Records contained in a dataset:
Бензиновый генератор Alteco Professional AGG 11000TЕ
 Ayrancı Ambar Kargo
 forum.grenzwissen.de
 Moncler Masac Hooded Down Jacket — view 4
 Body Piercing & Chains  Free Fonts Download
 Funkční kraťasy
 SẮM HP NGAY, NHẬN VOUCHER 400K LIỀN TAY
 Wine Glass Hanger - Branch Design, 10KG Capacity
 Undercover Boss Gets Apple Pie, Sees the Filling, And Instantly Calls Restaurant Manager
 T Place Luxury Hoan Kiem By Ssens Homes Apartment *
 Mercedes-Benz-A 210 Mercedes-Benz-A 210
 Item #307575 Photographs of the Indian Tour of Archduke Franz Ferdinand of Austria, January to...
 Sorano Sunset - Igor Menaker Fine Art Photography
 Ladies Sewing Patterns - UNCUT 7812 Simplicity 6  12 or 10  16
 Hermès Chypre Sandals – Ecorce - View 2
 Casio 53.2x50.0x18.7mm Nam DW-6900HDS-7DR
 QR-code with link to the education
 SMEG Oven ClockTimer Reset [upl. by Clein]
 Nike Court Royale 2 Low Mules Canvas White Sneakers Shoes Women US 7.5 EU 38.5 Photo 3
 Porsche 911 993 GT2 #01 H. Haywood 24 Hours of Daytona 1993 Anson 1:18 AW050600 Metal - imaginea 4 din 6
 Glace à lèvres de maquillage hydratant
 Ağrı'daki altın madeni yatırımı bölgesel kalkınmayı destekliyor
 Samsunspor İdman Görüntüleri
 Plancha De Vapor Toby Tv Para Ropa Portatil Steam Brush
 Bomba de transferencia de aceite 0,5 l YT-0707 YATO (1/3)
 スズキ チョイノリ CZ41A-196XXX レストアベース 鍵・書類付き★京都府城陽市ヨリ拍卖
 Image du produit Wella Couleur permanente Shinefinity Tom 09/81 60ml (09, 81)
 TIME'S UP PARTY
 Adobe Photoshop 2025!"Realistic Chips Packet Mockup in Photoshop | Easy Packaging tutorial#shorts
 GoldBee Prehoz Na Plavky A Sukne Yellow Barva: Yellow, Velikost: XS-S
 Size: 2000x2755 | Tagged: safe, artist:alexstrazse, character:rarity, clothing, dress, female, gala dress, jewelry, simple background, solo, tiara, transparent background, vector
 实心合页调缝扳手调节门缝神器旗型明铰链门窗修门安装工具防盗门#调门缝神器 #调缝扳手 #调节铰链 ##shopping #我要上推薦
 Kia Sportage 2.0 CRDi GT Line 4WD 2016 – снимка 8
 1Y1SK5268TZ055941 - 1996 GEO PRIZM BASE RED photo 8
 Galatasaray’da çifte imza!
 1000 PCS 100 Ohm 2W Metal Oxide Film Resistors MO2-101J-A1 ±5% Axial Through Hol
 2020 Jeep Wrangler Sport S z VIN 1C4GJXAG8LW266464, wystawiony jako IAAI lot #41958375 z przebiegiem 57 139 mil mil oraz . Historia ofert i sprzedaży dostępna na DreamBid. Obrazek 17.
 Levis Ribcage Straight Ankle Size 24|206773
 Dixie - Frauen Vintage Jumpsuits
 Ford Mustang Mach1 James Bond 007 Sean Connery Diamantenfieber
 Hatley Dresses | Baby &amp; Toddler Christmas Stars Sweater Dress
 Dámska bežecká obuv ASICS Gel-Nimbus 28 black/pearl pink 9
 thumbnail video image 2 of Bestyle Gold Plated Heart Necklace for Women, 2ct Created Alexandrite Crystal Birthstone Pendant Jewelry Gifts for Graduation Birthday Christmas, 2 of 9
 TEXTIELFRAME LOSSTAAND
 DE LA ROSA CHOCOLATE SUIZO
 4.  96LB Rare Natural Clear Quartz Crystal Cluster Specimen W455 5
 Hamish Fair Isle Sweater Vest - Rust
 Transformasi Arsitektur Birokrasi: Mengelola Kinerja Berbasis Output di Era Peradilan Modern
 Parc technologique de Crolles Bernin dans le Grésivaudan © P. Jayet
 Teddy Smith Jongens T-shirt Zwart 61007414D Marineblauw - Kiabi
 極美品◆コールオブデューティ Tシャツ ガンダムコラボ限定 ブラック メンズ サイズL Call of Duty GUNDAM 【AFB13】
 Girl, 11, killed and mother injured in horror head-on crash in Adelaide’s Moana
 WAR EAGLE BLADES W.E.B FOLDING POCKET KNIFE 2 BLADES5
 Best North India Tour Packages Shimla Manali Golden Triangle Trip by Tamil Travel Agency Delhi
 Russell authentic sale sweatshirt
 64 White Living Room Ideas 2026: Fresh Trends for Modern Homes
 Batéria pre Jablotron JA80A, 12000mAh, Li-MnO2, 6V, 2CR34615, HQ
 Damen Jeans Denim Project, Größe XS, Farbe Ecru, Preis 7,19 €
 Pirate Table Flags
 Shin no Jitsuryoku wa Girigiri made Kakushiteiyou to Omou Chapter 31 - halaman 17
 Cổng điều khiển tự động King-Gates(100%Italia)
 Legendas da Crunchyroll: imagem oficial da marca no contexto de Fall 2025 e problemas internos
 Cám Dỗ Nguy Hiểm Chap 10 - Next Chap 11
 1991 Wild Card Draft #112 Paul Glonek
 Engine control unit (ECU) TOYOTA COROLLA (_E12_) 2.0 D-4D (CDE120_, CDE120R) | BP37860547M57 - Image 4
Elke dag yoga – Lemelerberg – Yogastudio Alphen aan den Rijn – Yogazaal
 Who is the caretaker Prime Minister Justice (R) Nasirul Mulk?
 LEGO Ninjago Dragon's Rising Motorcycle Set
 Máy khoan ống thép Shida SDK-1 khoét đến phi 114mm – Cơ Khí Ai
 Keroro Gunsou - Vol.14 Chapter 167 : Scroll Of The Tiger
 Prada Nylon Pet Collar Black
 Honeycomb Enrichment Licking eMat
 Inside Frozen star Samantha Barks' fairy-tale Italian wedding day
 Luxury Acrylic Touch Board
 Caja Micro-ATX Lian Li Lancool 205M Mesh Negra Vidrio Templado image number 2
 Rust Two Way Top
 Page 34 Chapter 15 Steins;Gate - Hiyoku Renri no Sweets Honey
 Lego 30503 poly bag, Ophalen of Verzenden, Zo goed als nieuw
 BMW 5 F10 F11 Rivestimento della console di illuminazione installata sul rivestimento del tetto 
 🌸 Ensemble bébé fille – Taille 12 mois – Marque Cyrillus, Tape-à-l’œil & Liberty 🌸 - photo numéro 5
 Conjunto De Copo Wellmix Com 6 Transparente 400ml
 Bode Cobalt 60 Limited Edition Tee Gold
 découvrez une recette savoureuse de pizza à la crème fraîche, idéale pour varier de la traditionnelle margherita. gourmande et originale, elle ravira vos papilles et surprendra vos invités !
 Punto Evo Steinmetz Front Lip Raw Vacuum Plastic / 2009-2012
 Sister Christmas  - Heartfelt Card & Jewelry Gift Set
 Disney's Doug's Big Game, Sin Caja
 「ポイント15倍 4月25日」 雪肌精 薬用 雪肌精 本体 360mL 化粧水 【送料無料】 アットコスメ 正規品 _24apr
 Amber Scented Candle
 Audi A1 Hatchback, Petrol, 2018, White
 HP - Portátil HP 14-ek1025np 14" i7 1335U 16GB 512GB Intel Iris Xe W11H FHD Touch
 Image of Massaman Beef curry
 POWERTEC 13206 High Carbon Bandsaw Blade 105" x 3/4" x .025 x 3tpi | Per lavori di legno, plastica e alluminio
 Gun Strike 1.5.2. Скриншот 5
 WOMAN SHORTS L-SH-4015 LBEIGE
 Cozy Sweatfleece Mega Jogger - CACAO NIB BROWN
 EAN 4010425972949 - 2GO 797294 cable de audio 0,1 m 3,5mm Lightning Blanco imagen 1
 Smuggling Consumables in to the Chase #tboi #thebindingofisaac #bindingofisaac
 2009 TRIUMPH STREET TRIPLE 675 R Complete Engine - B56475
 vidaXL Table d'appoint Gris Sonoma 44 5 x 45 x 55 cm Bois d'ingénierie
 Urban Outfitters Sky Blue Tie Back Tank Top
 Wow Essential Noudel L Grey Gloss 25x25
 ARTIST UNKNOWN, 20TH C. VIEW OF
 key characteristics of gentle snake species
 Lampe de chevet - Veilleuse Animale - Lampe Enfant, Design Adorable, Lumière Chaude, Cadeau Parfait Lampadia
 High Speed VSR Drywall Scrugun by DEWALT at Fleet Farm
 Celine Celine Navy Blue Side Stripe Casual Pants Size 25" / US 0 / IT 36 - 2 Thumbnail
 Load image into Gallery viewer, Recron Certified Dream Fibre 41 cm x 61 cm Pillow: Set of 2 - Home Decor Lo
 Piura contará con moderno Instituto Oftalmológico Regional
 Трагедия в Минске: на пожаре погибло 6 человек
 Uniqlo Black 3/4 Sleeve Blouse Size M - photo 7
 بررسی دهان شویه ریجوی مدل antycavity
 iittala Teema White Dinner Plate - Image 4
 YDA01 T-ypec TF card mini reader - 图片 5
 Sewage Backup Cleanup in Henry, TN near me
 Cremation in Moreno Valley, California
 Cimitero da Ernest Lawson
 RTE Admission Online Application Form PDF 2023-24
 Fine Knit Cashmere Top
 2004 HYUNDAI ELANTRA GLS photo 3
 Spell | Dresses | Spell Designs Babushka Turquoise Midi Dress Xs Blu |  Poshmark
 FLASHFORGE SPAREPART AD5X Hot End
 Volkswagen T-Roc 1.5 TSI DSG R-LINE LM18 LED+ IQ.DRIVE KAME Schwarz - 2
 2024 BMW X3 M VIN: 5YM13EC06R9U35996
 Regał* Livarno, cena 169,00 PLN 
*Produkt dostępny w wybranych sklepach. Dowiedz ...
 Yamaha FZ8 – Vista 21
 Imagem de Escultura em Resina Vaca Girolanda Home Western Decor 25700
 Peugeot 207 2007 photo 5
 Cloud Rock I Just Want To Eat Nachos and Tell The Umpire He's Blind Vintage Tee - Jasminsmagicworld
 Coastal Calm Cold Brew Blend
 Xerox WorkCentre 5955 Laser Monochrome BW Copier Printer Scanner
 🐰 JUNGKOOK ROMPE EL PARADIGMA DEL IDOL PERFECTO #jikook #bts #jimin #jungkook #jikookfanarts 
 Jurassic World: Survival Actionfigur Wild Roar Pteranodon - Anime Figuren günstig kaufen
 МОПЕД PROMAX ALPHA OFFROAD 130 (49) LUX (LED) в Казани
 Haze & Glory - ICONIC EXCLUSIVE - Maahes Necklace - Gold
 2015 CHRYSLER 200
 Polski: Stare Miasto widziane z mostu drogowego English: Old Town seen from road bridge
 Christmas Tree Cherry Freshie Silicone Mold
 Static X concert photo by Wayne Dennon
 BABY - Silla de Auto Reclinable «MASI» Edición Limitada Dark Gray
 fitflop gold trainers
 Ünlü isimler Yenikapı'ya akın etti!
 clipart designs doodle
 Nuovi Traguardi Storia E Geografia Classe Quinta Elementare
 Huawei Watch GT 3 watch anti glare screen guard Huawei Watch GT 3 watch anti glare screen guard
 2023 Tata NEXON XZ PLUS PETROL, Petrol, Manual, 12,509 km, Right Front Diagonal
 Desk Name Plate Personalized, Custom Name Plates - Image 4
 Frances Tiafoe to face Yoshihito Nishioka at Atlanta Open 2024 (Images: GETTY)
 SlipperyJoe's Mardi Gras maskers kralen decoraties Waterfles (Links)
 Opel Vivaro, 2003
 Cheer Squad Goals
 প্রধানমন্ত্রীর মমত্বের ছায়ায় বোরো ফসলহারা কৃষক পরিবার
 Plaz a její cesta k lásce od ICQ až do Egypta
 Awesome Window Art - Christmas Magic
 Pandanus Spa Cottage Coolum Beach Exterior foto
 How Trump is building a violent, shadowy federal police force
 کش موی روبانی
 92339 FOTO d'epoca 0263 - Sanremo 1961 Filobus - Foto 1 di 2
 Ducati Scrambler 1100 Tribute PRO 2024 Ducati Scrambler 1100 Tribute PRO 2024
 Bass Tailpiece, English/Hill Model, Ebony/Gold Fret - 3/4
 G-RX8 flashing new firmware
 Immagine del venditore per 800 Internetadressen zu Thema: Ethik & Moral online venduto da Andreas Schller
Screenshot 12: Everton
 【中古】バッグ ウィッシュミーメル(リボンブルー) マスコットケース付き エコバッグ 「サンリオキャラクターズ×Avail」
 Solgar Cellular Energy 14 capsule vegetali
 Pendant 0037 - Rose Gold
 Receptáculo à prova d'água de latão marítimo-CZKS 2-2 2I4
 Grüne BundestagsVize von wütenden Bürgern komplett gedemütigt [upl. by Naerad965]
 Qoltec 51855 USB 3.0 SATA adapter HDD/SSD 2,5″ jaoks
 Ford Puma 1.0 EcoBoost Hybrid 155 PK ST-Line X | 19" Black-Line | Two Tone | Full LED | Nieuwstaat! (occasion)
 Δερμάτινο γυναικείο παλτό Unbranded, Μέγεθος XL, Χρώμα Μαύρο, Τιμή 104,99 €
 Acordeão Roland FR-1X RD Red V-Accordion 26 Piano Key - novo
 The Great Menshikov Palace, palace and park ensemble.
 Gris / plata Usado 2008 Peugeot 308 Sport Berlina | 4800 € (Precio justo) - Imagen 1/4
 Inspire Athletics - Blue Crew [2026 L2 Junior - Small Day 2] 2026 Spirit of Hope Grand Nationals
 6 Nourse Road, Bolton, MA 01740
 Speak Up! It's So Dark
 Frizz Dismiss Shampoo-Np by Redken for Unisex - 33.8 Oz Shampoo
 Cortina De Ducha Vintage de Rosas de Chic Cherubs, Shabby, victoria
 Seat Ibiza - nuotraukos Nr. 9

### YOUR INSTRUCTIONS
Copy out each line of the data above, exactly, if it lies between the line holding "Ford Mustang Mach1" and the line holding "Girl, 11, killed", inclusive; copy no other line.

### EXPECTED OUTPUT
 Ford Mustang Mach1 James Bond 007 Sean Connery Diamantenfieber
 Hatley Dresses | Baby &amp; Toddler Christmas Stars Sweater Dress
 Dámska bežecká obuv ASICS Gel-Nimbus 28 black/pearl pink 9
 thumbnail video image 2 of Bestyle Gold Plated Heart Necklace for Women, 2ct Created Alexandrite Crystal Birthstone Pendant Jewelry Gifts for Graduation Birthday Christmas, 2 of 9
 TEXTIELFRAME LOSSTAAND
 DE LA ROSA CHOCOLATE SUIZO
 4.  96LB Rare Natural Clear Quartz Crystal Cluster Specimen W455 5
 Hamish Fair Isle Sweater Vest - Rust
 Transformasi Arsitektur Birokrasi: Mengelola Kinerja Berbasis Output di Era Peradilan Modern
 Parc technologique de Crolles Bernin dans le Grésivaudan © P. Jayet
 Teddy Smith Jongens T-shirt Zwart 61007414D Marineblauw - Kiabi
 極美品◆コールオブデューティ Tシャツ ガンダムコラボ限定 ブラック メンズ サイズL Call of Duty GUNDAM 【AFB13】
 Girl, 11, killed and mother injured in horror head-on crash in Adelaide’s Moana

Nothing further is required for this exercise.